Not only must competitors finish all three segments to complete the entire event, but they also must do so within 17 hours from their start time.
Ironman, which is widely considered the gold standard of endurance triathlon racing, also has cutoff times for each individual discipline.
Murphy raced against approximately 2,500 other women and described the experience as “the stuff dreams are made of,” noting that the event gives amateur athletes the opportunity to compete right alongside the professionals they idolize.
For the swim segment, each age group was assigned a specific wave start time, and each wave had approximately 200 swimmers.

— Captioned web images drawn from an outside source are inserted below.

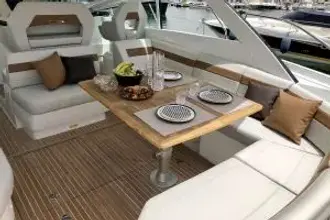 Thumbnail von Beneteau Gran Turismo 40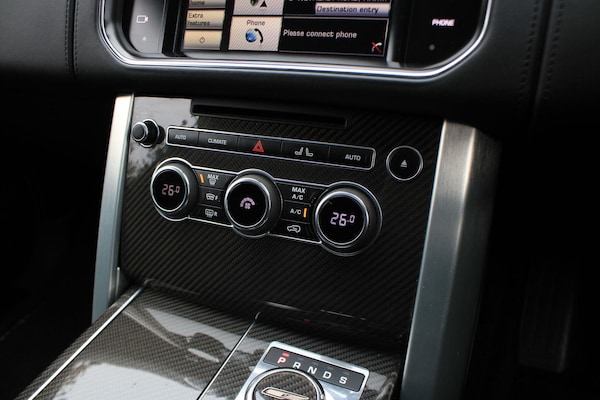 Used Land Rover Range Rover 2014 for sale - 76270047: Photo 20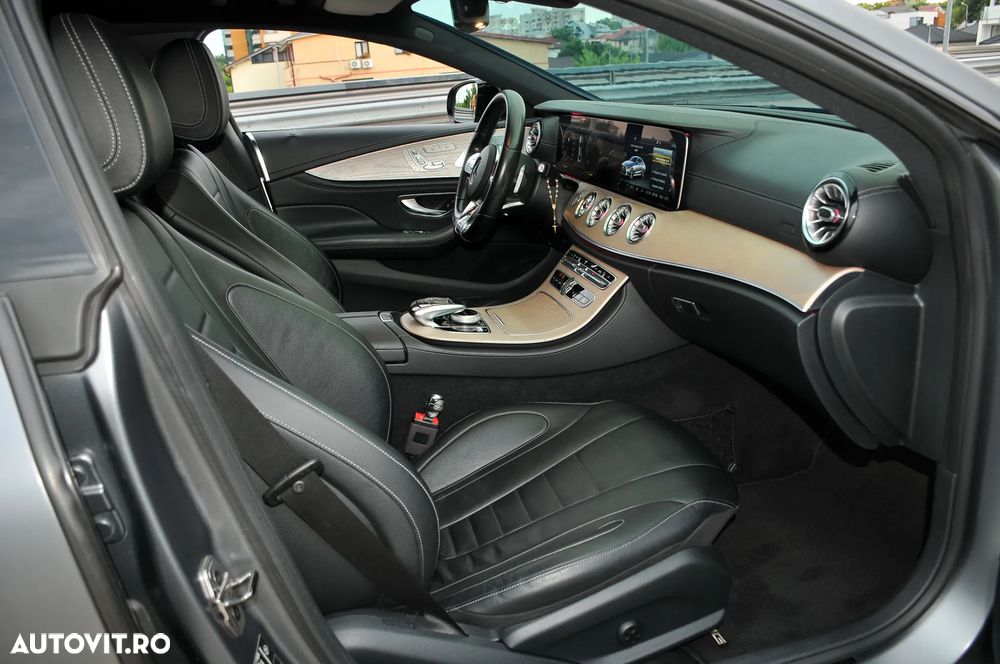 Mercedes-Benz CLS - 17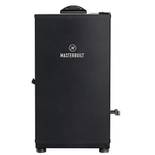 Masterbuilt Digitaler Elektroräucherer
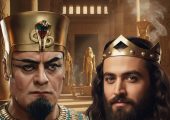(ویدئو) نگاهی به سالم‌ترین مومیایی موزه مصر، آمنهوتپ سوم، فرعون مقتدر مصر باستان که با یوسف پیامبر (ع) هم‌عصر بود!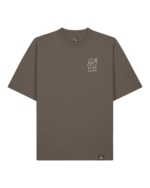 Slow Life Oversize T-Shirt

According to Murphy, she and the other members of her group swam out to the start, treaded water for two minutes while waiting for the gun to go off, and then fought for space almost the entire length of the 2.4-mile swim.
“The swim start in the ocean is one of the only mass starts left,” Murphy said. “. . . The bike course is brutal with the heat, the headwinds, and nothing but highway and black lava fields all around. The run starts on Ali’i Drive with the awesome energy of all the spectators for about the first five miles and then sends you back out [to] the highway with nothing but you and the sun beating down. This day takes every ounce of mental toughness you [possess] to dig deep and remember what brought you here. Honestly, there is nothing like the Kona finish line. I crossed the finish with tears in my eyes and an overwhelming sense of accomplishment.”
The world championship is the annual culmination of a series of Ironman qualification races held around the world.
Athletes qualify for the event by finishing in a top position in their age group at a sanctioned Ironman held within the calendar year. Every race offers a certain number of qualifying slots per age category.
Murphy said that although not all races are allocated the same number of qualifying slots for women, an athlete generally must finish in the top 10 percent to make it to the world championship.
She completed her qualifying race at Ironman Mont Tremblant in Quebec on Aug. 20, 2023, with just under eight weeks remaining until the Kona race.
When not competing, Murphy is a personal trainer, running coach for Fleet Feet Sports, nutrition coach, and self-described “foodie.”
The athlete, who taught high school math for 12 years before leaving to pursue her passion for fitness, moved to Cazenovia with her husband in 2021 after falling in love with the area while training for triathlons and competing in the Caz Tri.
Murphy said she took up running in college for weight loss and overall fitness and fell in love with it.
Starting with 5K races, she gradually worked her way up to completing a full marathon.
“A friend encouraged me to try out her bike and the Fleet Feet triathlon program in 2016, and I’ve been competing in triathlons ever since,” Murphy said.
She completed her first half Ironman in Syracuse in 2017 after only one year in the sport and then completed her first full Ironman in Lake Placid in 2018.
She has also completed a full Ironman in Louisville, Kentucky, and numerous other half Ironmans, including the 2021 Ironman 70.3 World Championship in Utah.
“I truly embrace [the Ironman] mantra that ‘Anything is Possible,’ and I set out to prove this to myself when I registered for my first one,” Murphy said. “I used to throw it out there that someday I would love to go to Kona, but I didn’t actually see it as possible until now.”